Self-Driving Cars: When?
It was only twelve years ago that the Department of Defense sponsored the first 150 mile autonomous vehicle race in the California desert, with a prize of $1 million. Fifteen vehicles, including entries from CalTech and Carnegie Mellon, started the race.
None finished. The best performer went only 11 miles before breaking down.
The progress since then has been amazing. Everyone from Audi to Volvo has announced self-driving cars, and Google is already running a fleet of autonomous vehicles around their California campus.
Some of the key technologies are now commercially available: parallel parking assistance, adaptive cruise control, lane-keeping support, and--for the Silicon Valley elite--Tesla’s autopilot. And last month, the Federal government promised to spend $4 billion in autonomous vehicle research over the next decade.
No wonder that, in nearly every speech I give these days, someone wants to know when they’ll get their driverless car.
That’s hard to answer. The promise is great--most obviously, self-driving cars in which the driver becomes a passenger, free to watch videos or catch up on work without paying any attention to the road. Even better: a world in which you don’t even need to own a car. There will be large fleets of self-driving cars and you simply summon one to your front door whenever you want a ride.
It is, however, not a straight line to that future. For starters, of course, traffic laws need to be changed and insurance responsibilities must be addressed.

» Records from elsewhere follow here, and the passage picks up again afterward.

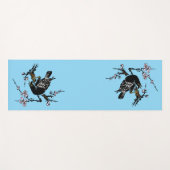  Japanse kraai en kersenbloesems Yogamat (Voorkant (horizontaal))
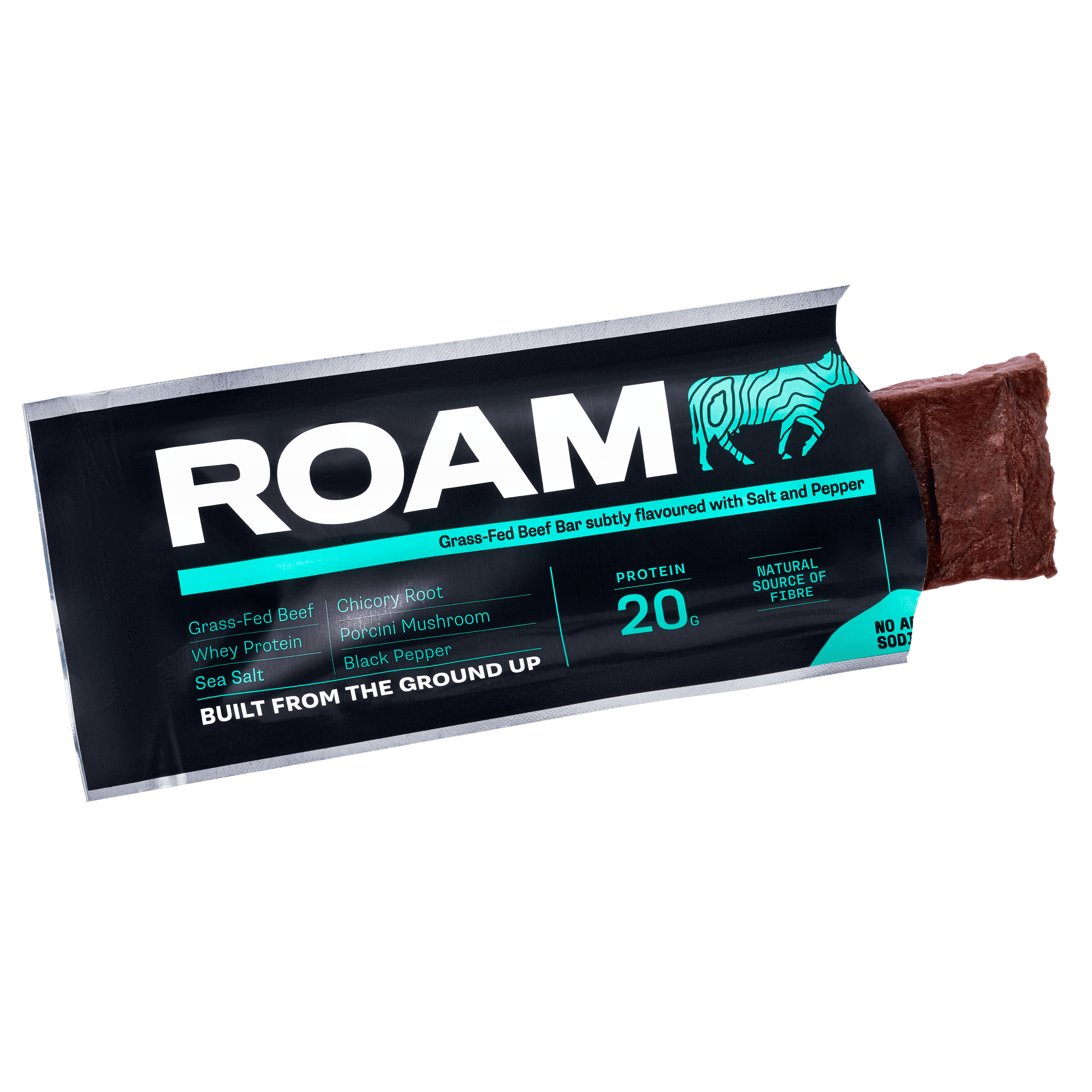 ROAM Salt, Pepper & Porcini Grass Fed Beef Bar 45g
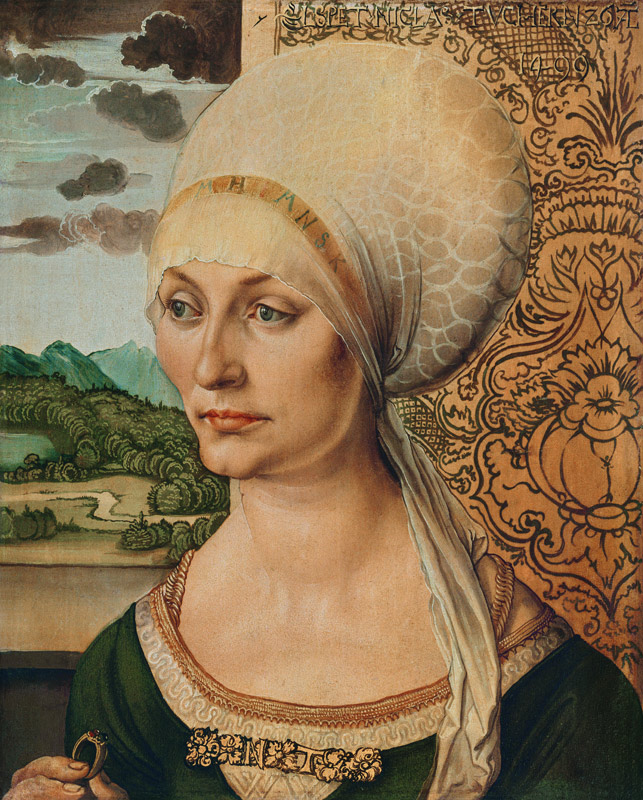 Bildnis der Elisabeth Tucher von Albrecht Dürer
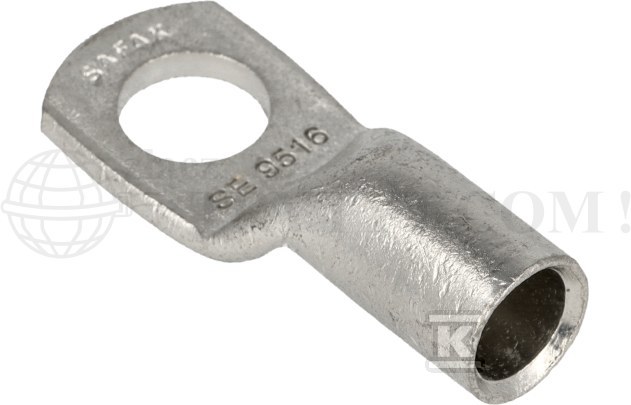 Końcówka oczkowa miedziana cynowana - SE-09516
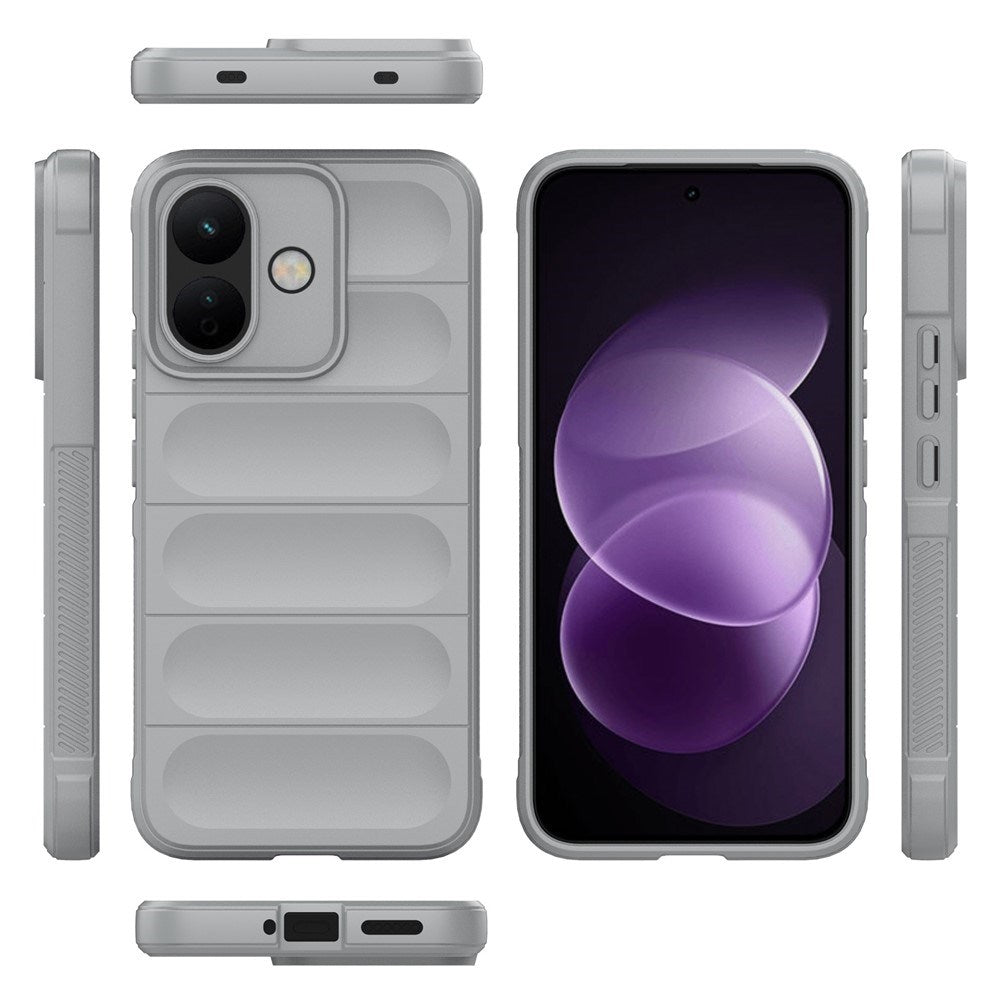 Xiaomi Redmi Note 17 Pro (5G) EIDERWOOD Rugged Plast Cover - Lysegrå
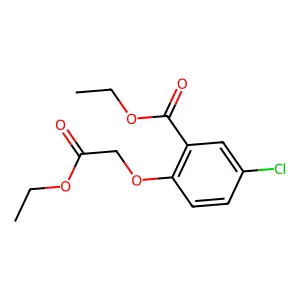 Ethyl 5-chloro-2-(ethoxycarbonylmethoxy)benzoate structure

There are also, inevitably, human factors. Cautious autonomous vehicles may find it technically difficult to share the roads with unpredictable, risk-taking humans. Consider a busy intersection with four-way stop signs. A law-abiding driverless car could be stuck for hours as impatient human drivers aggressively cut in front of it.
The early days of the automobile itself were marked by enough collisions with horses that some cities declared “automobile only” streets. It’s not unlikely that by the mid-Twenties, we’ll also see “smart vehicle lanes” in which autonomous cars communicate with each other, allowing both higher speeds and greater safety. The photo at left shows a Swedish experiment in which four different vehicles are locked together electronically, moving at high speed yet only a few feet apart.
Finally, one of the biggest dilemmas is already on the horizon. California legislators want to make self-driving cars legal--as long as there is always a licensed and insured human at the wheel, able to take control in emergencies.
Sounds like a sensible first step. But how do you make sure the human is actually paying attention?
We already have trouble forcing drivers to pay attention to the road when there are digital distractions in the car. A “driver” in some future automated car is likely to be deep into watching, say, Season 18 of The Walking Dead when the emergency happens--not exactly ready to spring into action.
Self-driving cars? Most certainly. But weaving these wonders into the existing fabric of society may be almost as difficult as the technology itself.